CHAPTER XXI

An Enemy to the Rescue

The plan had been to set to work next morning to dig the house out of the snow; that is to say, to dig away a space around the cabin. But the Doctor forbade it.

"The more force we expend in work," he said, "the more food we must have, and as we have pretty nearly no food now, we absolutely mustn't expend any force unnecessarily. We must simply rest to-day, doing no more shoveling than is necessary to open a little larger area around the door, and to keep our path to the wood pile open."

That day, the next and the next were passed in idleness and with growing hunger. The snow ceased for a time on the second day, but the severe cold weather which alone could release the boys from their terrible plight, did not come. On the third day, the snow began to fall again in a pitiless and discouraging way, and by that time the food supply had run so low that the Doctor's dole of it was too small even to ward off the severe pangs of hunger.

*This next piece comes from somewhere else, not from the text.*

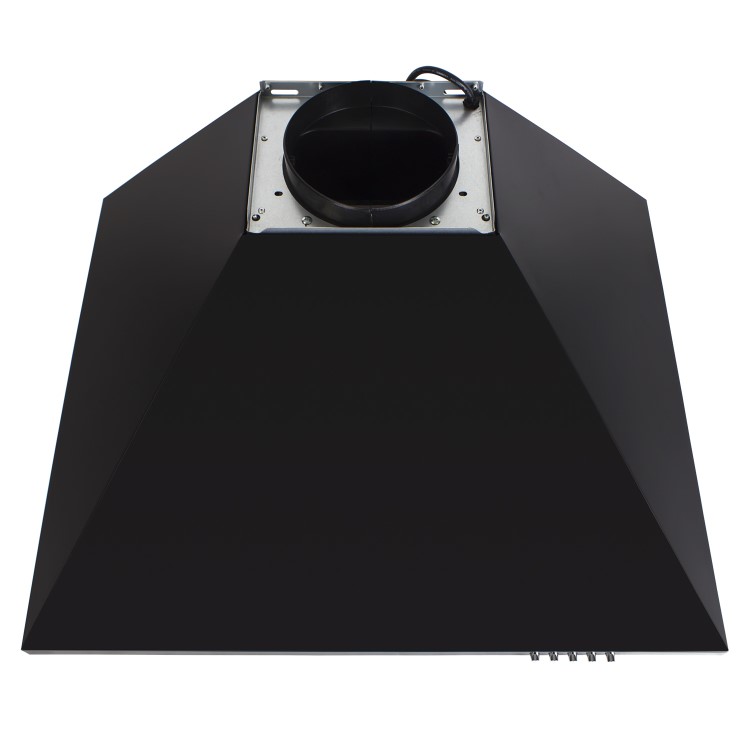 electriQ 60cm Traditional Chimney Cooker Hood - Black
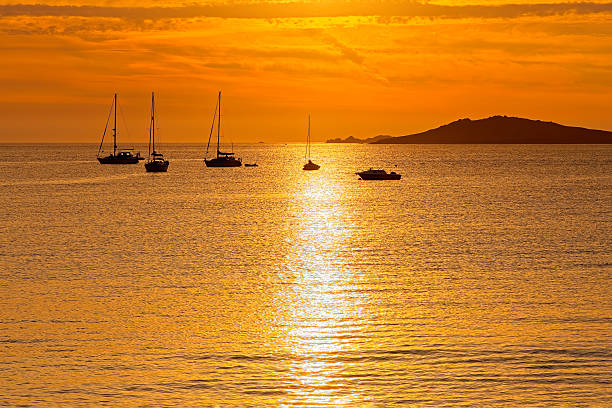 Sunset over water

Tom said that night: "Boys, I don't care what the consequences are, I'm going to break out of this to-morrow morning or perish in the attempt. I'd rather die in a snow bank, fighting for a chance, than sit here and slowly starve to death. My strength is already waning, and before it goes altogether I'm going to make an effort to get some food. If I wait longer I sha'n't have either the strength or the courage to go at all."

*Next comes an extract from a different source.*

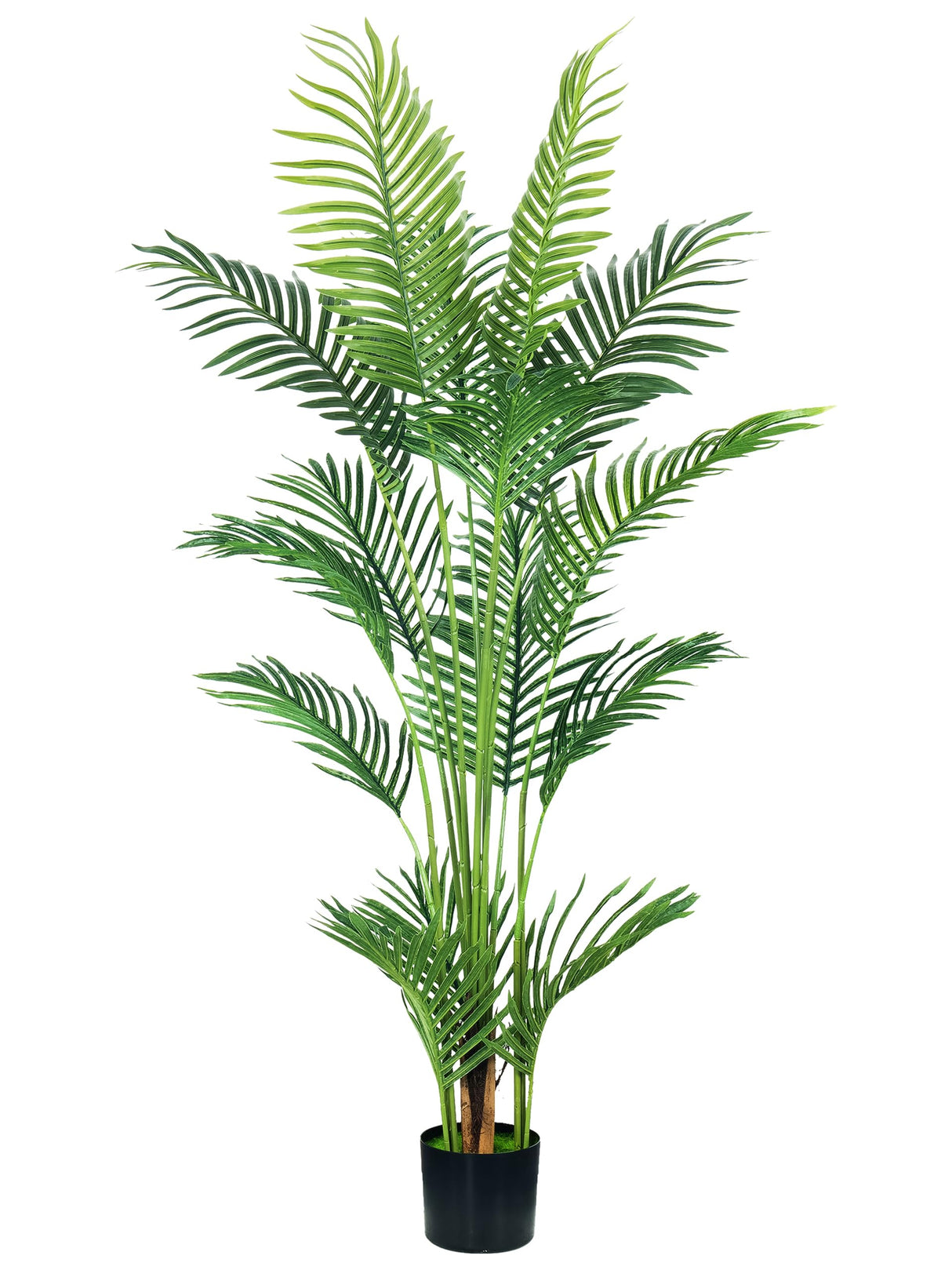 4.5FT Artificial Palm Tree,Faux Areca Palm Plant with Real Touch Leaves and Adjustable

This time nobody interposed an objection, but foreseeing Tom's need, and knowing that he would accept nothing not shared equally by the others, the Doctor deliberately dealt out a larger supply of beans than usual that night. The meal was all gone. The pork had been eaten up, and after the Doctor gave out this supper, which it would take till eleven or twelve o'clock at night to cook, there was left only about two quarts of beans in the camp, and absolutely not an ounce of food of any other kind.

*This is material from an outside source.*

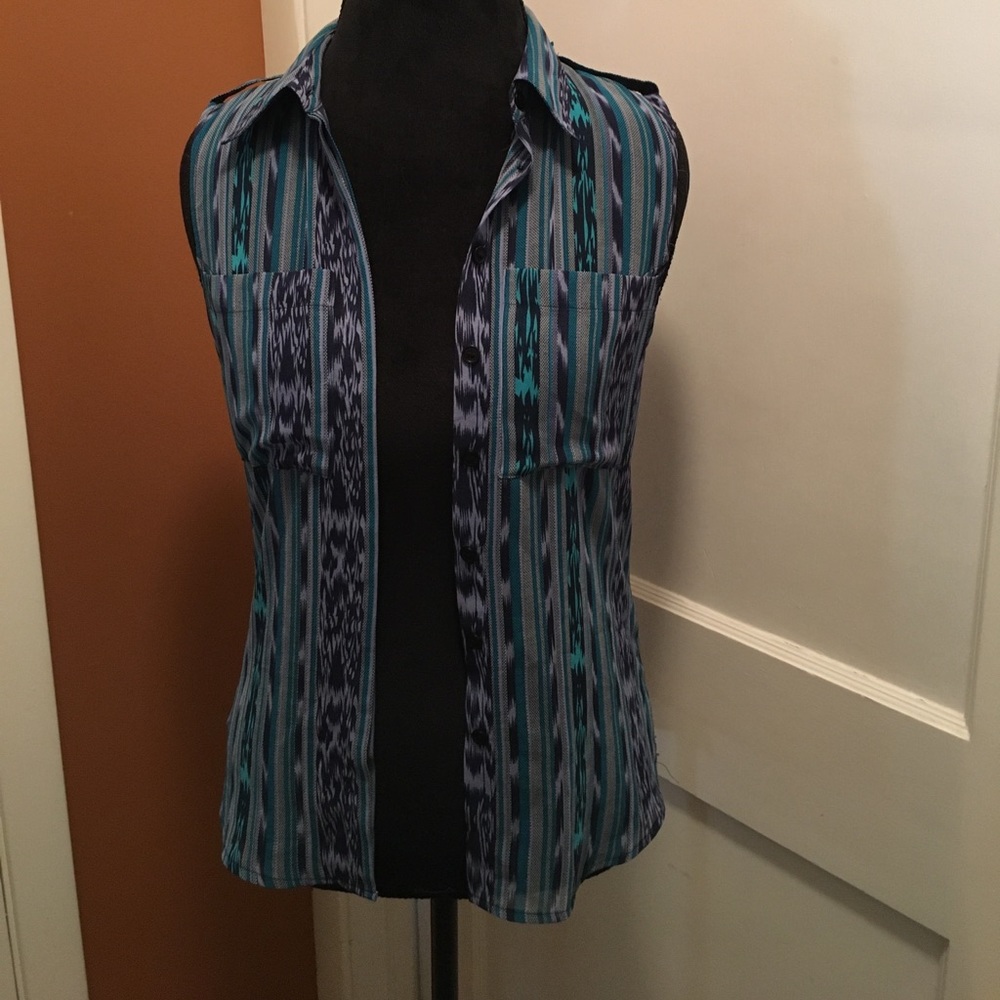 Sheer Sleeveless Top by Reformed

In ordinary circumstances, if the boys had been thus shut up in their cabin and deprived of physical activity, they would have held long talks and learned much. Especially they would have beset the Doctor with questions, the answers to which would have interested them. But now they were too hungry for material food, too starved of body and far too depressed in mind to care for conversation of any kind. They simply sat still and starved, in gloomy silence, and under the terrible oppression of hopelessness and helplessness. All but Little Tom. His courage survived, and as he sat before the fire waiting for the beans to cook, he was resolutely planning ways and means by which, if possible, to make the morrow's expedition successful. The chances, he knew, were a hundred to one against him, and he was trying, by the exercise of a careful foresight, to bring that one chance in a hundred within his grasp.

Presently he took off his boots and drove the heaviest nails there were in the camp into their heels, letting the heads protrude more than a quarter of an inch below the surface.

"What's that for, Tom?" asked Jack, in listless fashion.